Programmer's Python Async - Streams & Web Clients

Written by Mike James

Monday, 07 November 2022

Article Index
Programmer's Python Async - Streams & Web Clients
StreamWriter
The Response

Page 3 of 3

When the server receives the GET request it finds the specified file and sends it to the client using the same socket connection. The first part of the message sent to the client is a set of headers which we need to read and process. The first line of any response is always:

HTTP/1.1 200 OK\r\n

which gives the HTTP version and the status code which we can assume is going to be 200, i.e. no error. If you want to write a complete client you need to extract the error code and react to it. In our simple demonstration we can read it and ignore it:

    headers=""
    line = await reader.readline()

Next we need to read the headers that the server has sent. These arrive one to a line and the end is marked by a blank like, just like the headers we sent to the server:

    while True:
        line = await reader.readline()
        line = line.decode('ascii')
        if line=="\r\n":
            break
        headers+=line

This loop reads each line in turn, converts it to a Python string using ASCII encoding and builds up a complete string of headers. The loop ends when we read a blank line.

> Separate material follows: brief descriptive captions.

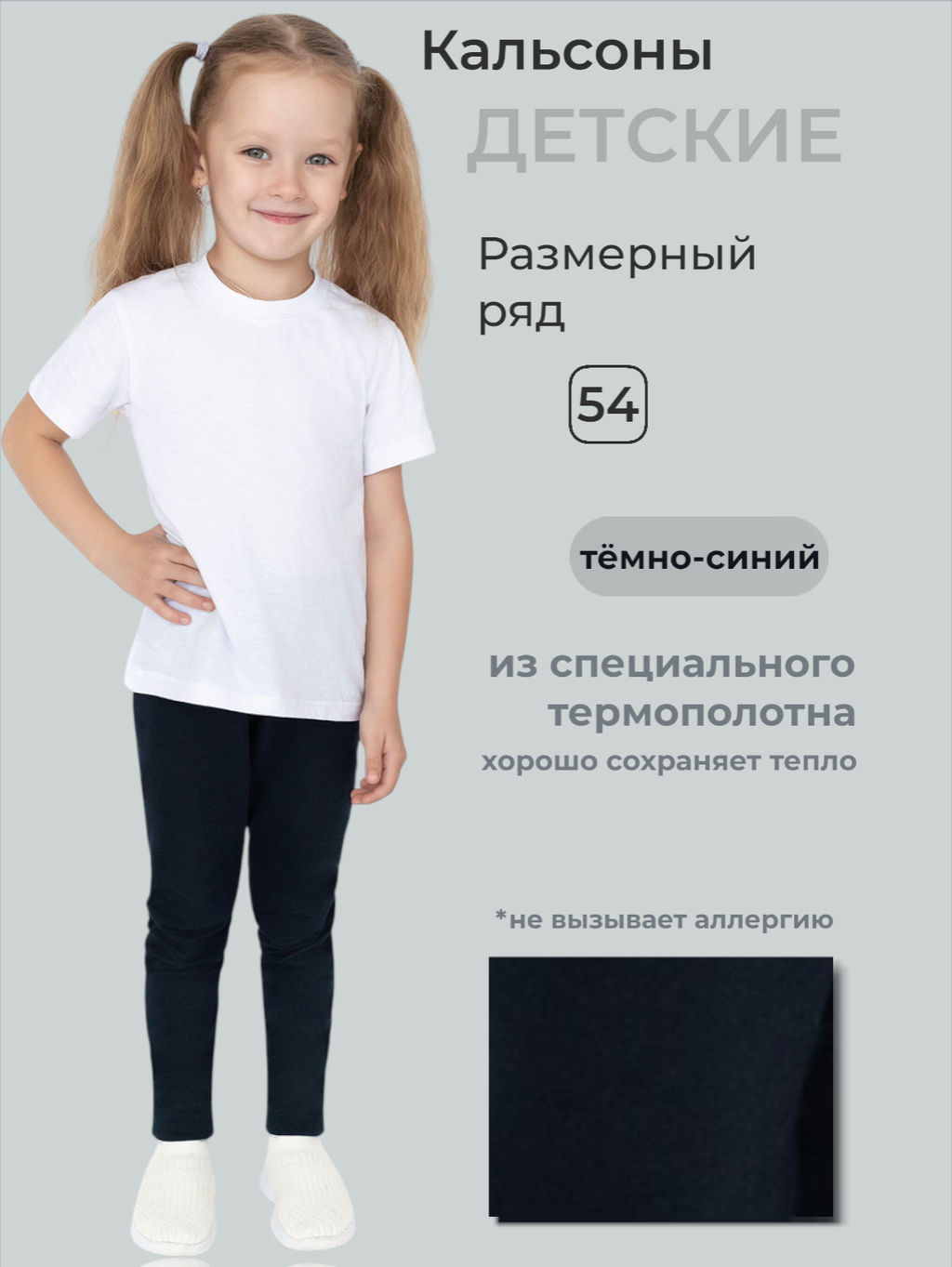 Кальсоны для мальчика темносиние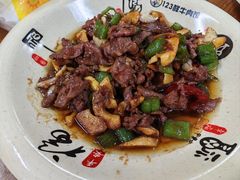 -何永光123鲜牛肉馆(1号店)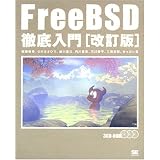 ������ FreeBSD�O�����q�� �q���ɂ��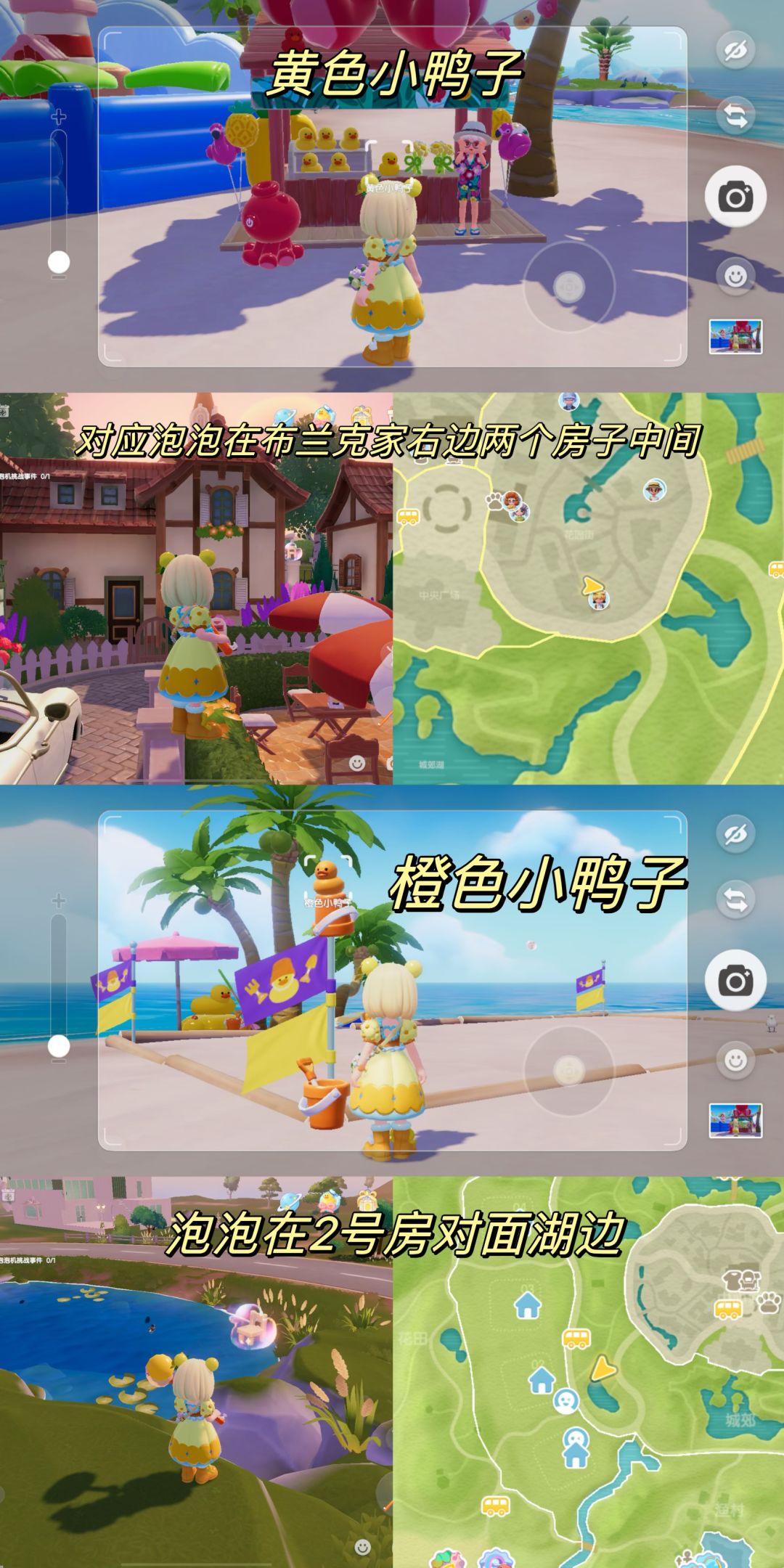潮流季小鸭子以及对应泡泡的位置 每日截图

We need to process the headers because the Content-Length header tells us how many bytes to read to get the content, i.e. the HTML that makes up the page. We need this because we cannot read data expecting an EOF signal, because there isn’t one. The socket stays open in case you have another request to send to the server. If you do wait for an EOF then you will usually wait a long time before the server times out.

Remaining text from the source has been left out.